Short text fragments from websites
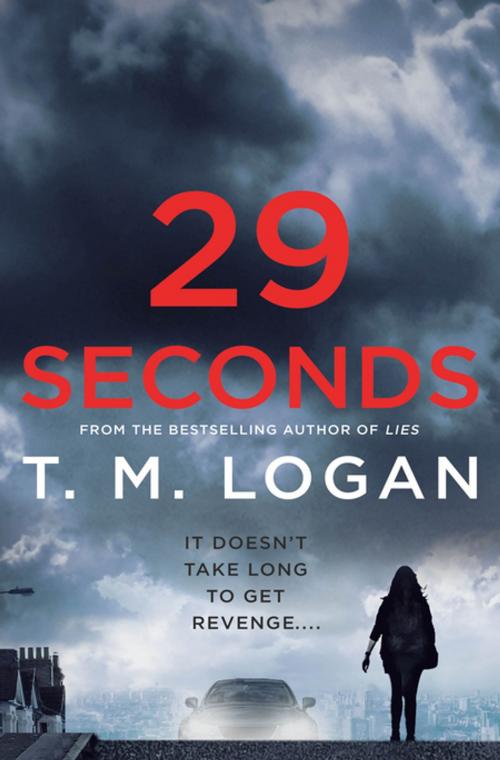 Cover of the book 29 Seconds by T. M. Logan, St. Martin's Publishing Group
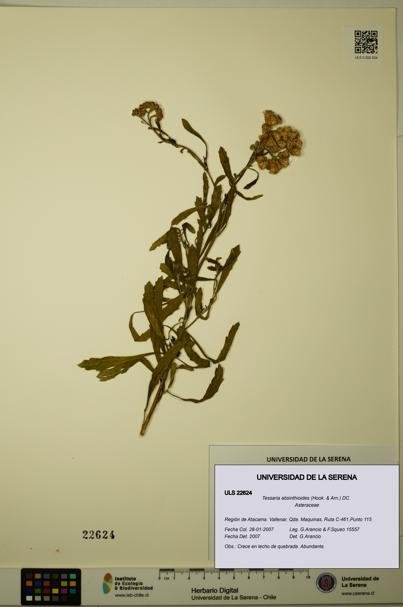 Tessaria absinthioides [Espécimen: ULS:ULS:0022624]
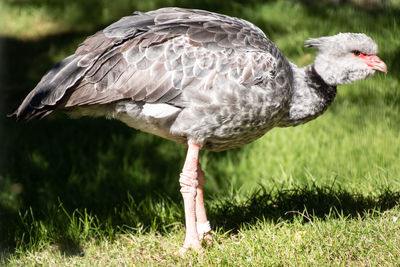 Side view of a bird on field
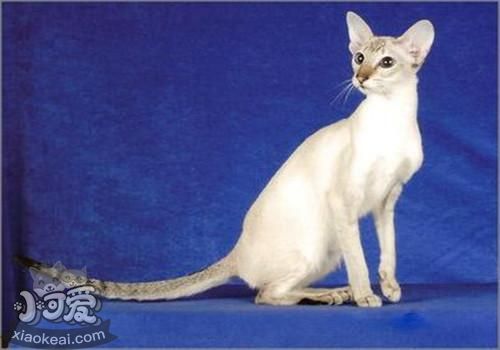 重點(diǎn)色短毛貓過(guò)敏有什么癥狀 重點(diǎn)色短毛貓過(guò)敏癥狀介紹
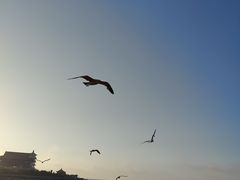 -蓬莱阁景区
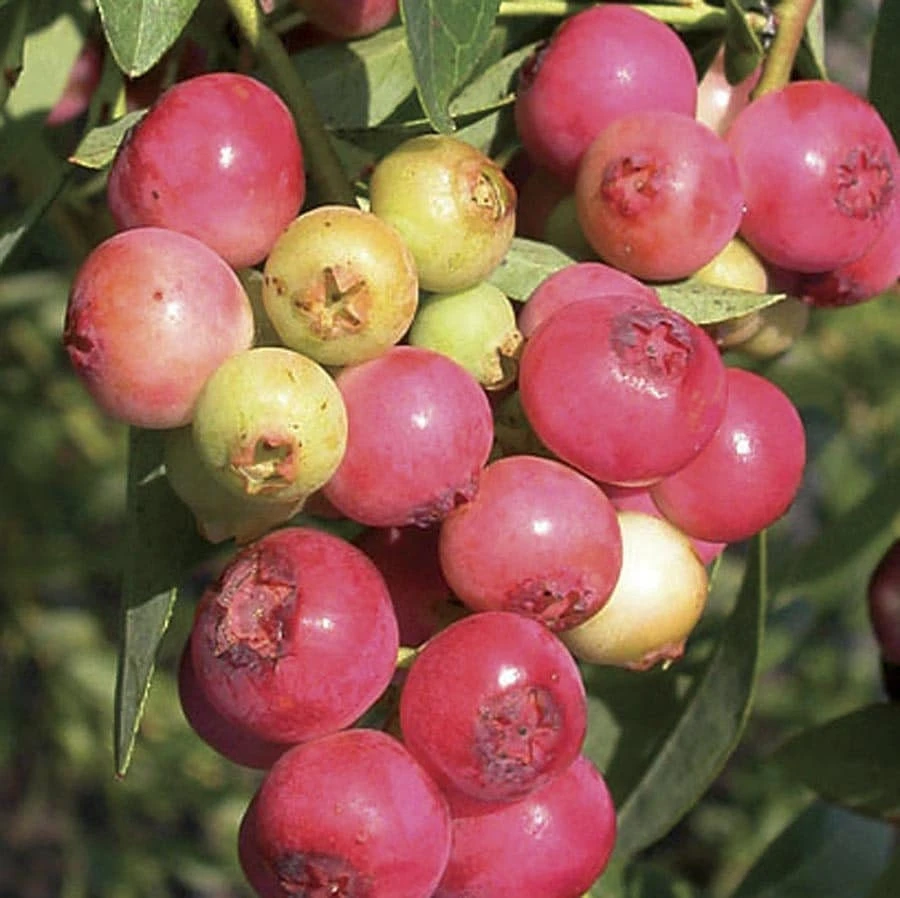 Organic Pink Lemonade Blueberry Live Plant – 2.5x3.5in Pot – Outdoor Edible - Image 3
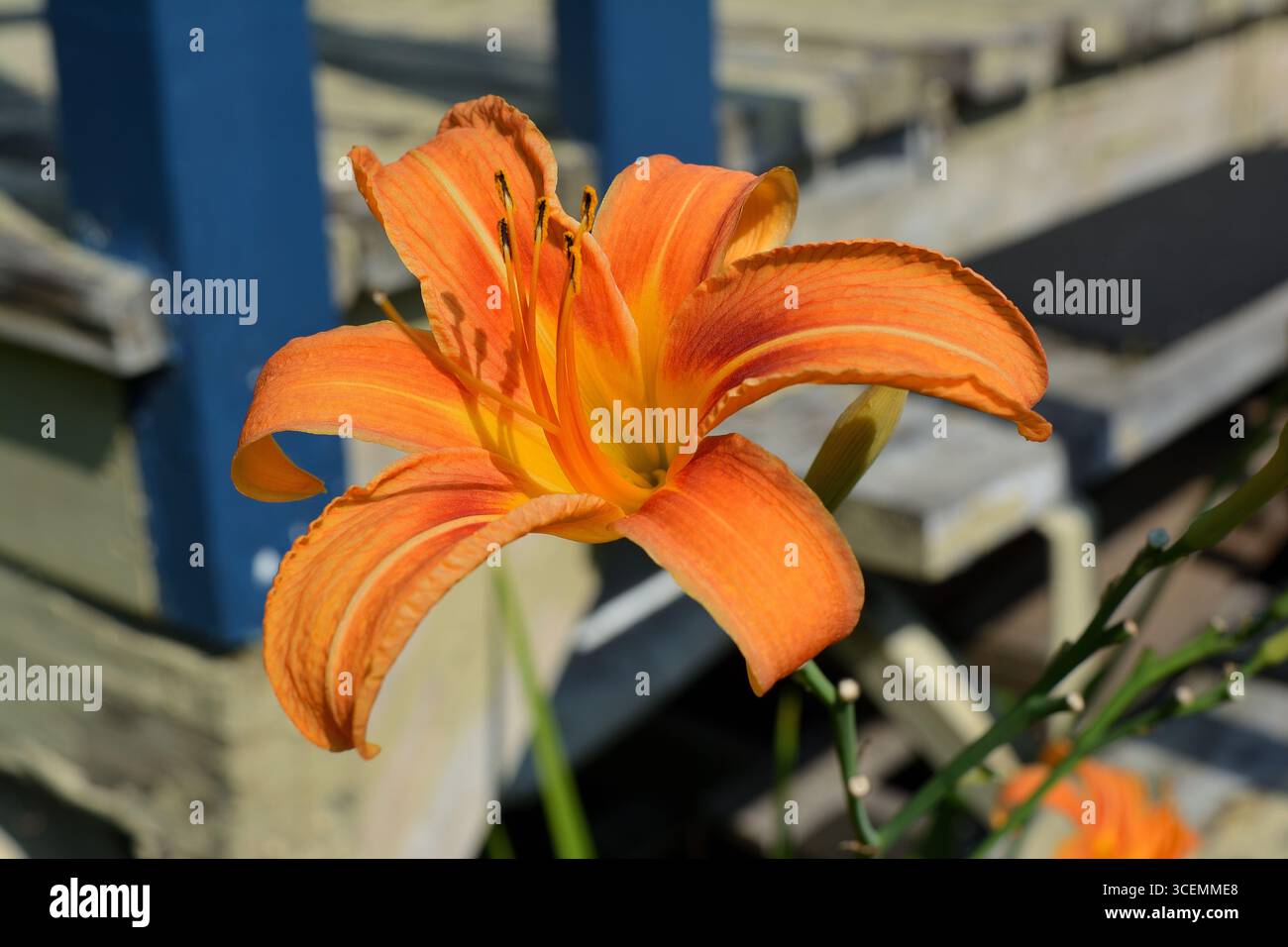 A vibrant, close-up photo of a blooming orange daylily in a sunny garden Stock Photo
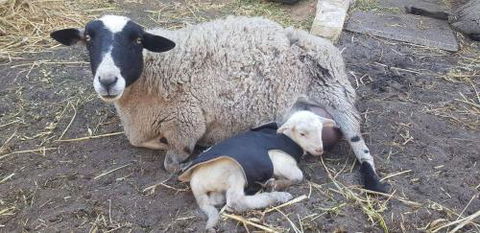 A Better Life Animal Sanctuary FarmStay Private Two Bedrooms Lounge Room & Bathroom & Toilet Shared Kitchen - Dalby Accommodation 1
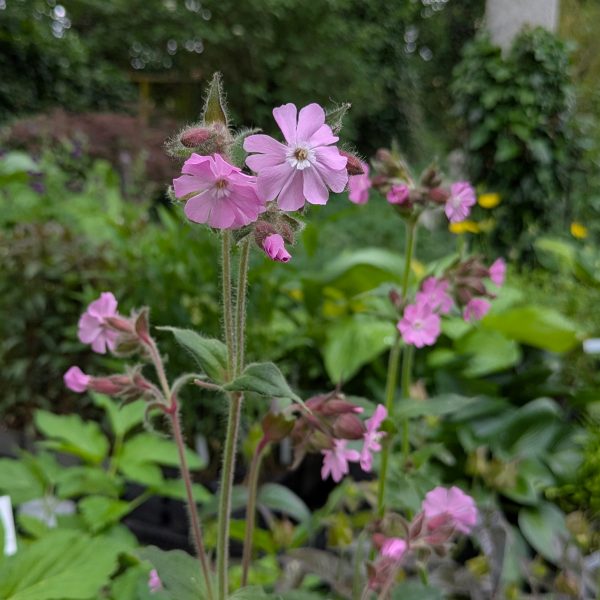 Silene dioica
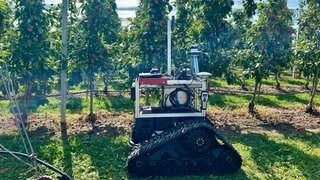 Ein Roboter fährt durch die Apfelplantagen in Kressbronn am Bodensee. Er ist mit Sensoren, Lasern und GPS ausgestattet und soll lernen Äpfel zu ernten.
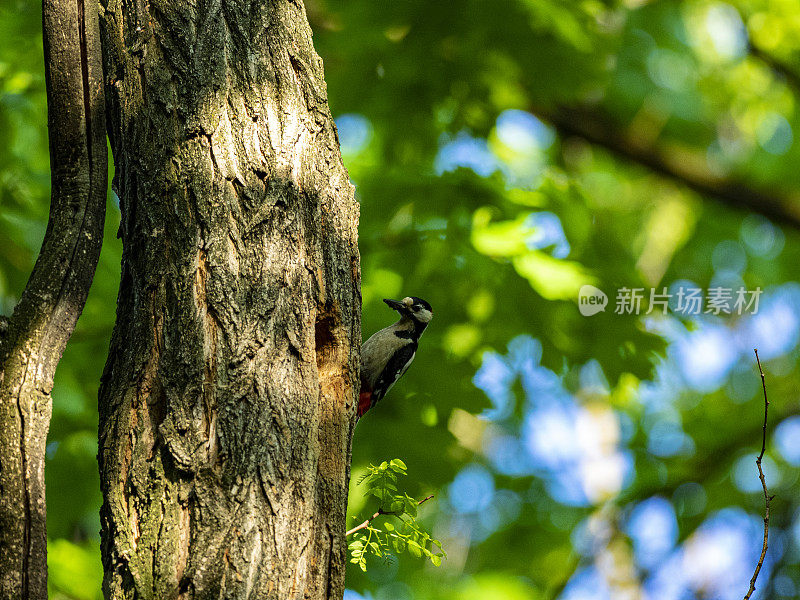 小斑点啄木鸟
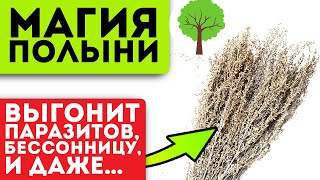 Пара ложек ставит на ноги всю семью! Мужская сила, сердце, почки …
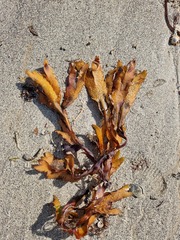 Fucus serratus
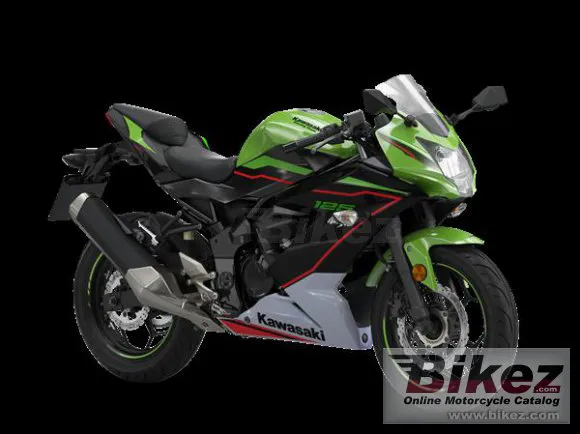 Kawasaki Ninja 125 Performance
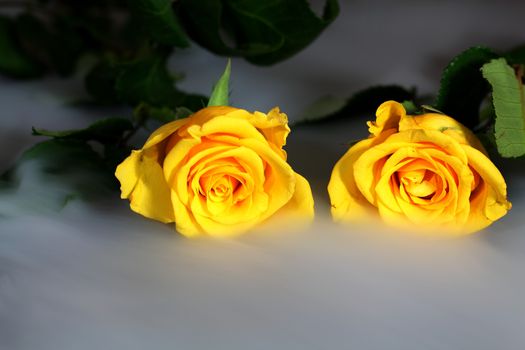Yellow roses in the mist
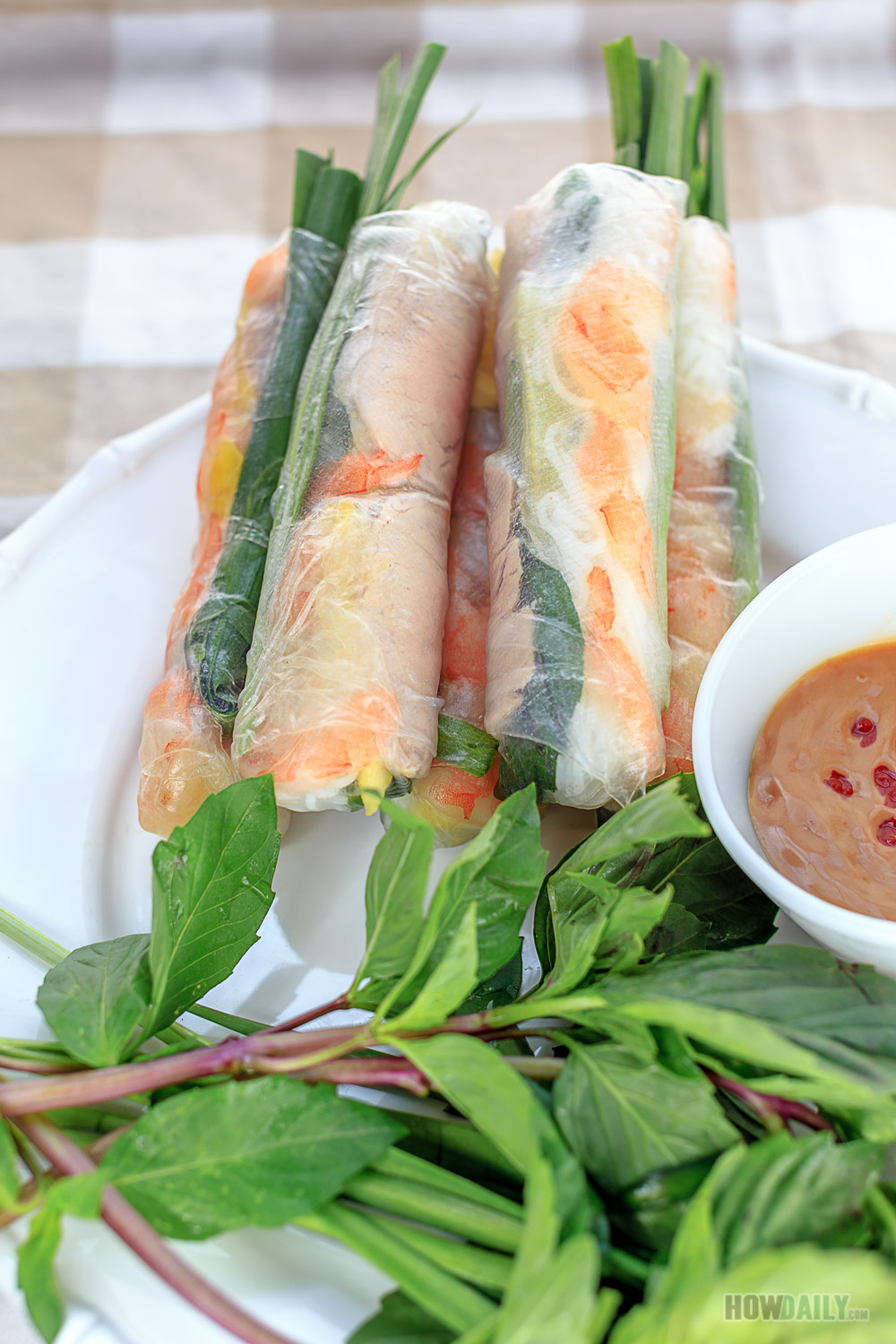 Rice Paper Spring Rolls With Dipping Sauce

TASK DIRECTIONS —
The copy should hold only the lines from the one with "Side view of a bird on field" through the one with "Silene dioica", exactly as they stand above. Leave out the pictures.

WRITTEN REPLY —
 Side view of a bird on field
 重點(diǎn)色短毛貓過(guò)敏有什么癥狀 重點(diǎn)色短毛貓過(guò)敏癥狀介紹
 -蓬莱阁景区
 Organic Pink Lemonade Blueberry Live Plant – 2.5x3.5in Pot – Outdoor Edible - Image 3
 A vibrant, close-up photo of a blooming orange daylily in a sunny garden Stock Photo
 A Better Life Animal Sanctuary FarmStay Private Two Bedrooms Lounge Room & Bathroom & Toilet Shared Kitchen - Dalby Accommodation 1
 Silene dioica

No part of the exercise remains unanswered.